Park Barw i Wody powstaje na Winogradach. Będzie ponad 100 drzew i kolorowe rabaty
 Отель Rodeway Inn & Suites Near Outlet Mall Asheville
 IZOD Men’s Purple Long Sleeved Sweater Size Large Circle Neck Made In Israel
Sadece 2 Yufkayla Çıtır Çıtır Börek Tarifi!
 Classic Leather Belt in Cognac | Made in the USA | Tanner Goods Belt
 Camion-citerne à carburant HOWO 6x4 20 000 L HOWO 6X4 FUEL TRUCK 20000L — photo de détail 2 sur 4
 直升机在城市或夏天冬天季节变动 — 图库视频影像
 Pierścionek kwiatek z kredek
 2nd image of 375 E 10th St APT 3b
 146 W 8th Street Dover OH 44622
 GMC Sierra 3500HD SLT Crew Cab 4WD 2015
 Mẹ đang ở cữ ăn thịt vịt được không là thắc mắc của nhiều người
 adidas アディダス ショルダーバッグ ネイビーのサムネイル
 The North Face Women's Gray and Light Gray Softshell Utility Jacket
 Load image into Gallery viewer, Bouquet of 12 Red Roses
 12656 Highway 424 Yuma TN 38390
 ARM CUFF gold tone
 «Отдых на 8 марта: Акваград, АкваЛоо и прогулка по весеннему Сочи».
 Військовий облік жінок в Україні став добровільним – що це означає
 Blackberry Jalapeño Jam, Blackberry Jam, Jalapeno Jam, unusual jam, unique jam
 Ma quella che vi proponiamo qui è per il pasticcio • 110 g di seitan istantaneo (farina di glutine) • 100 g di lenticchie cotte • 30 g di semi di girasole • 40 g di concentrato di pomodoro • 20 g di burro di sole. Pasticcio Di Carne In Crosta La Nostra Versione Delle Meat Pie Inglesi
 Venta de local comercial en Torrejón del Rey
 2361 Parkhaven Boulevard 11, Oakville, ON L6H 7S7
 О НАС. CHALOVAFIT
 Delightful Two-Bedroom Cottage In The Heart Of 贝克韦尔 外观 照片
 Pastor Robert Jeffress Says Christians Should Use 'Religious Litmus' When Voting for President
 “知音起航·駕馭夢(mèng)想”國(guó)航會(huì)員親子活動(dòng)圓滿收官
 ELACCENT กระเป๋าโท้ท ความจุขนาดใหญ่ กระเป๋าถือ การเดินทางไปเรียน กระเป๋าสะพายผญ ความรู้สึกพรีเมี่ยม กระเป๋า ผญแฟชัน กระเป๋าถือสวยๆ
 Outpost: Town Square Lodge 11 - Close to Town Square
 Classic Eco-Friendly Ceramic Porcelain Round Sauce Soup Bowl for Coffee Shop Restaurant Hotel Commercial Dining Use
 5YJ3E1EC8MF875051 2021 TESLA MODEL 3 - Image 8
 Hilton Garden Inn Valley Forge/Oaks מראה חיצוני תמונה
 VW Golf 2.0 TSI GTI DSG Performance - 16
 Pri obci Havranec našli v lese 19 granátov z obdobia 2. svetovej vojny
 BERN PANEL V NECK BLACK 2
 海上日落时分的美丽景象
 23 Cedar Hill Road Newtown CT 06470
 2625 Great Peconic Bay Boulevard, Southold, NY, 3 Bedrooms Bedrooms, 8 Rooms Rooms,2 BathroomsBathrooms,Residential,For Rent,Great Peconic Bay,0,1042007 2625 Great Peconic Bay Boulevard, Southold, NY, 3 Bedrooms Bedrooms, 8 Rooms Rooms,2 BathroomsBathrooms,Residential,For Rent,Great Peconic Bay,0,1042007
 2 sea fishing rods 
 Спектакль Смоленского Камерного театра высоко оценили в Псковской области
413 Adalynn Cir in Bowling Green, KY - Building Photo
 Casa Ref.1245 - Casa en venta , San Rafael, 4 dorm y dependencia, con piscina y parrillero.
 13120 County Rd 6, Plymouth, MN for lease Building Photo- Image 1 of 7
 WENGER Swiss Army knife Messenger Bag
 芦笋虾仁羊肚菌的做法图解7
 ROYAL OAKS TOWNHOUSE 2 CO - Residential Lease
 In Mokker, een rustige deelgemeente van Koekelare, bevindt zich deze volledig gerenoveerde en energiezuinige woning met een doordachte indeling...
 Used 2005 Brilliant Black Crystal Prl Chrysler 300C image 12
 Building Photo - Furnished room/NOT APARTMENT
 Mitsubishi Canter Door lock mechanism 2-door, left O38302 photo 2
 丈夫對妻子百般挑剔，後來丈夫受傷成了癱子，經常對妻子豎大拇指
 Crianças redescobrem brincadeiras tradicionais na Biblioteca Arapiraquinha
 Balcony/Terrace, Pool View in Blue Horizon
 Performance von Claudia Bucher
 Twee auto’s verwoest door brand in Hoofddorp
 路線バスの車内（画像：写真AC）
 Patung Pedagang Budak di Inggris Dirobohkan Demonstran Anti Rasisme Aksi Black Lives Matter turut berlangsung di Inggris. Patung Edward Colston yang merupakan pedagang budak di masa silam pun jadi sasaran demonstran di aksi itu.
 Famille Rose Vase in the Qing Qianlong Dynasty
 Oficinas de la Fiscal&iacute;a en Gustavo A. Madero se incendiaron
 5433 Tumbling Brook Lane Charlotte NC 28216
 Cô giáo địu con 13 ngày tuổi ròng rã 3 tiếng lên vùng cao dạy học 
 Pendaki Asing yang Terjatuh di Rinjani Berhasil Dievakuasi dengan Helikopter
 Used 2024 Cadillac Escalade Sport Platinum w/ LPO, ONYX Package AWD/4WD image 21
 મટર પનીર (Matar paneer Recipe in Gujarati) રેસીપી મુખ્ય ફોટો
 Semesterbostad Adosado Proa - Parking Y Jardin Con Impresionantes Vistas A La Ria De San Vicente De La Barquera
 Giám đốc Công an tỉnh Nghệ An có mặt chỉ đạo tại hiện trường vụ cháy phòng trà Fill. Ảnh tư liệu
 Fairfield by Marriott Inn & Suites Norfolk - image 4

*Task prompt*. Every line that contains the string "Building" should be returned from the data.

*Response box*.
413 Adalynn Cir in Bowling Green, KY - Building Photo
 13120 County Rd 6, Plymouth, MN for lease Building Photo- Image 1 of 7
 Building Photo - Furnished room/NOT APARTMENT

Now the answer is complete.